ESD (electrostatic discharge) is a phenomenon most people have experienced. This is what happens if you feel a small electric shock when you touch your kitchen sink or another grounded object. What happens is that your body has been charged with a small electrostatic charge (easily achieved by walking on synthetic fiber carpets). This charge is released when you touch an object with a different charge or an object connected to ground. For a human being to actually feel the discharge, the voltage must be about 4kV or more, and it is not difficult to achieve tens of kV.
A simple way of modeling this phenomenon is to use a capacitor that will hold the same charge as the body and a series resistor that will release this charge the same way the body does.
The figure above shows a principle schematic of this setup. CS is the storage capacitor that equals the capacitance of the human body, RD is the discharge resistance that equals the resistance of the human body. VS is a high-voltage power supply, and RC the series resistance of this power supply. When the switch S is connected to RC, the capacitor is charged. When the switch S is connected to RD, the capacitor is discharged through RD and the device under test, which is connected to or placed near the discharge tip. The value of RC is of no practical value for what amount of energy is stored in the capacitor or for how this is transferred to the device under test.
Integrated circuits are usually tested according to MILSTD-883.
Here RC is 1 - 10MΩ, RD is 1.5kΩ, and CS is 100pF. This is the so-called Human Body Model, which tries to emulate the ESD an integrated circuit may experience as a result of manual handling during board production. The traditional test voltage VS a CMOS device is expected to handle is ±2kV. Newer devices like AVR® microcontrollers are often rated to ±4kV or more.
Another model, the Machine Model, tries to emulate the ESD an integrated circuit will experience from automatic handlers.
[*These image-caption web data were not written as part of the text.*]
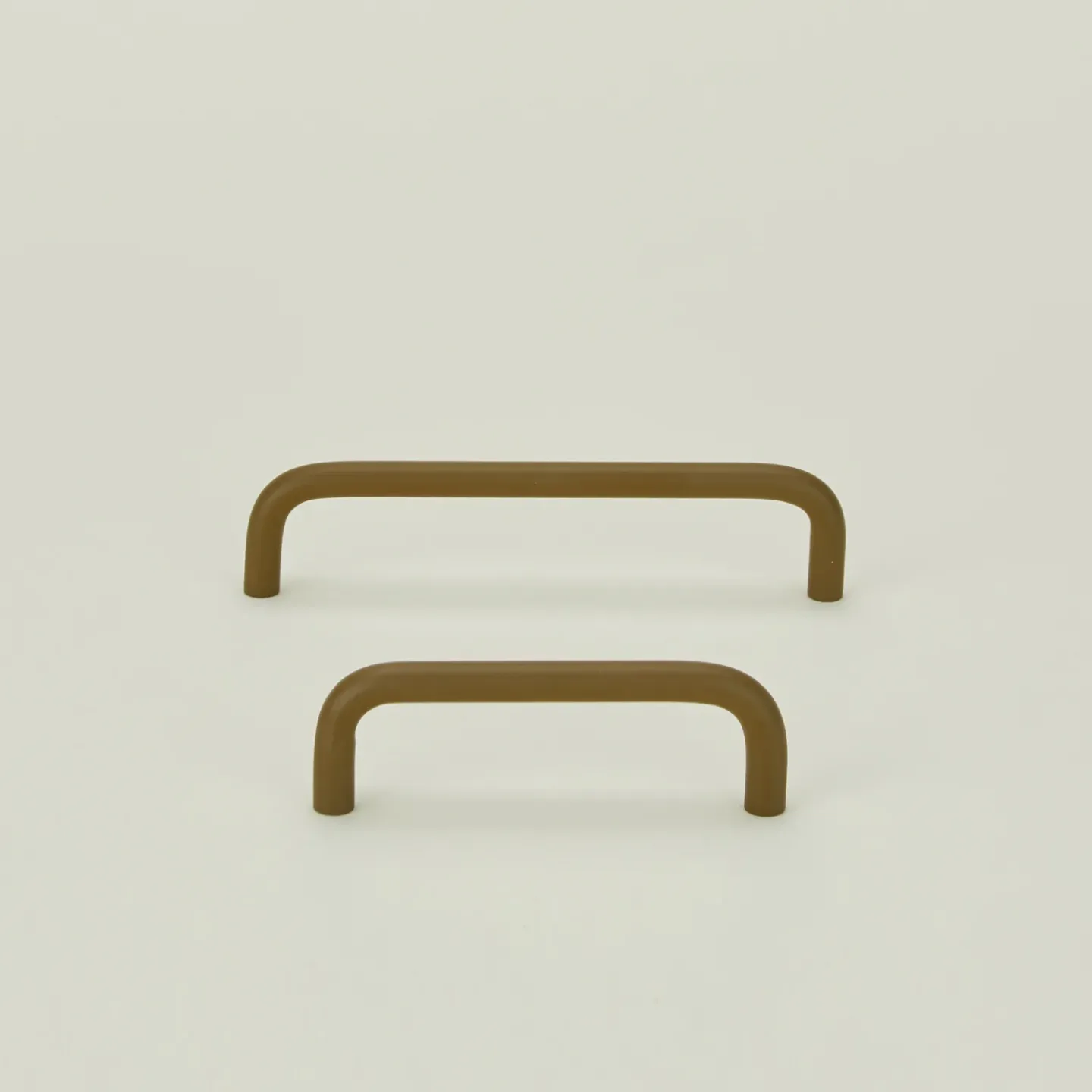 Hawkins New York Kitchen Hardware|Hardware^Essential Drawer Pull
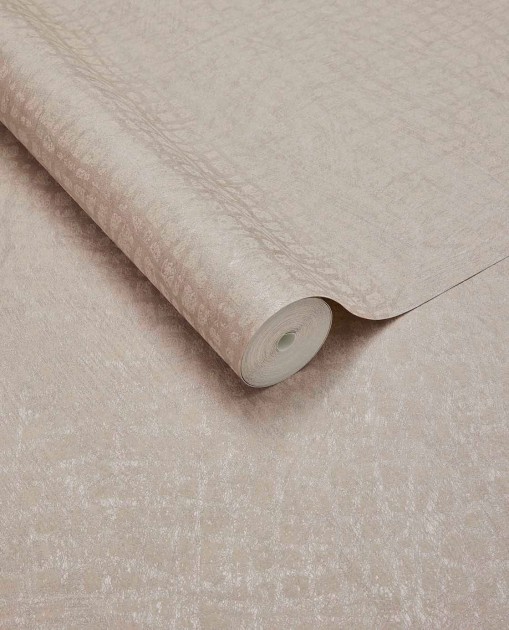 Eijffinger 340312 Sensory - tapeta w falującą kratkę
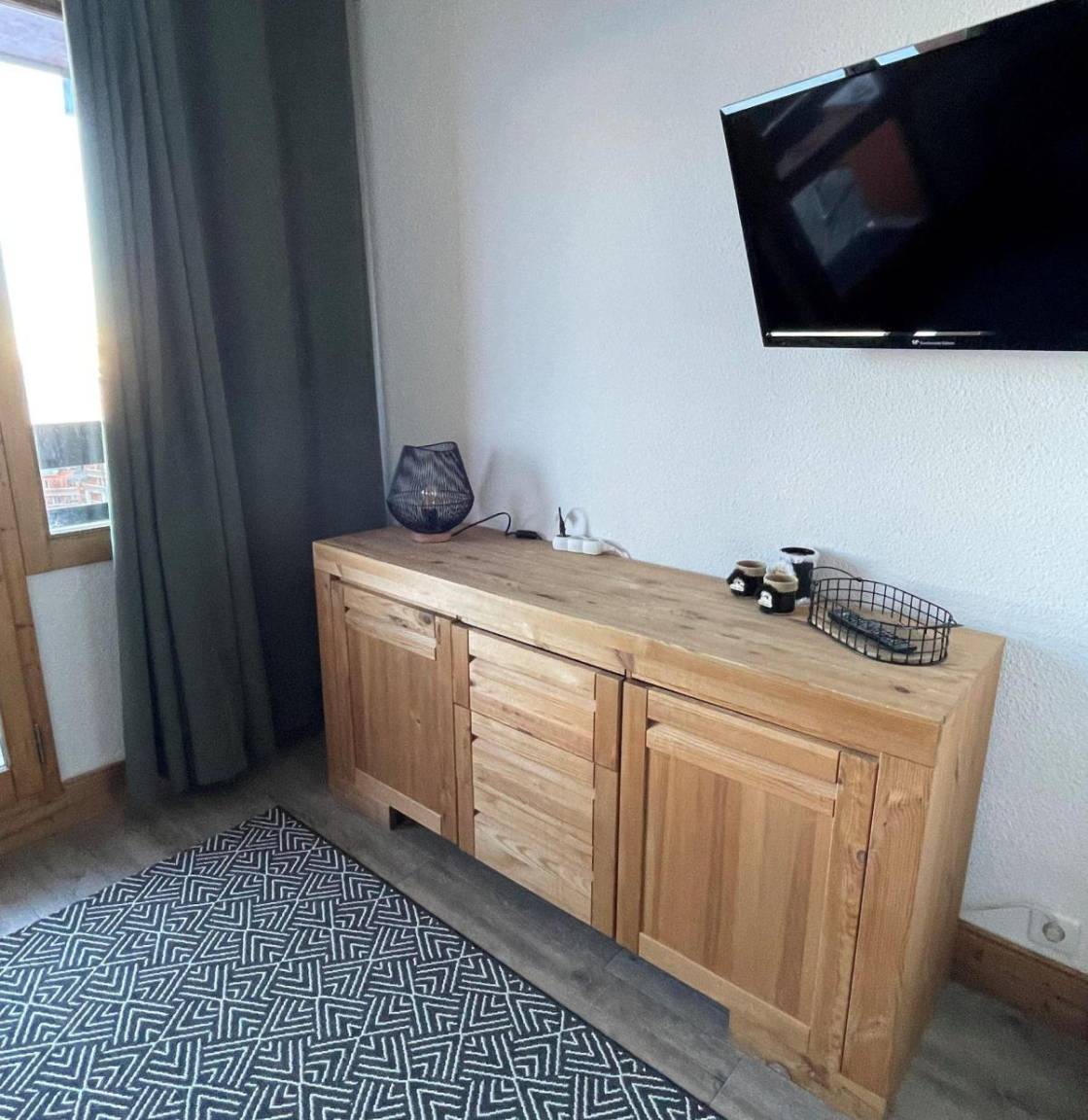 foto17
Here CS is twice as big, 200pF. The current limiting resistor RD is zero (!), but an inductor up to 500nH may be inserted instead. RC is 100MΩ. In this model, the rise time of the current is much higher, and most devices fail at voltages higher than ±500V.
ESD compliance according to the EMC directive is based on IEC 1000-4-2. This standard specifies a Human Body model that tries to emulate the ESD a product will experience as a result of normal use. The component values are therefore slightly tougher here than in MIL-STD-883: RC is 100MΩ, RD is 330Ω, and CC is 150pF. This means that a product built by circuits rated at 4kV may not necessarily pass IEC 1000-4-2 at 4kV without adding some kind of external protection.
Another important difference here: MIL-STD-883 only requires that the device is not damaged by the test. The demand of the EMC directive is stronger: the product shall continue to operate as intended, without being disturbed by the ESD pulse. This requirement is tough, as a high-voltage ESD transient on an input pin may easily change the logic value of the pin. This means that the designer of a microcontroller based system must either design hardware to make sure that ESD transient never reaches the I/O pins, or write software that detects and handles such incorrect readings.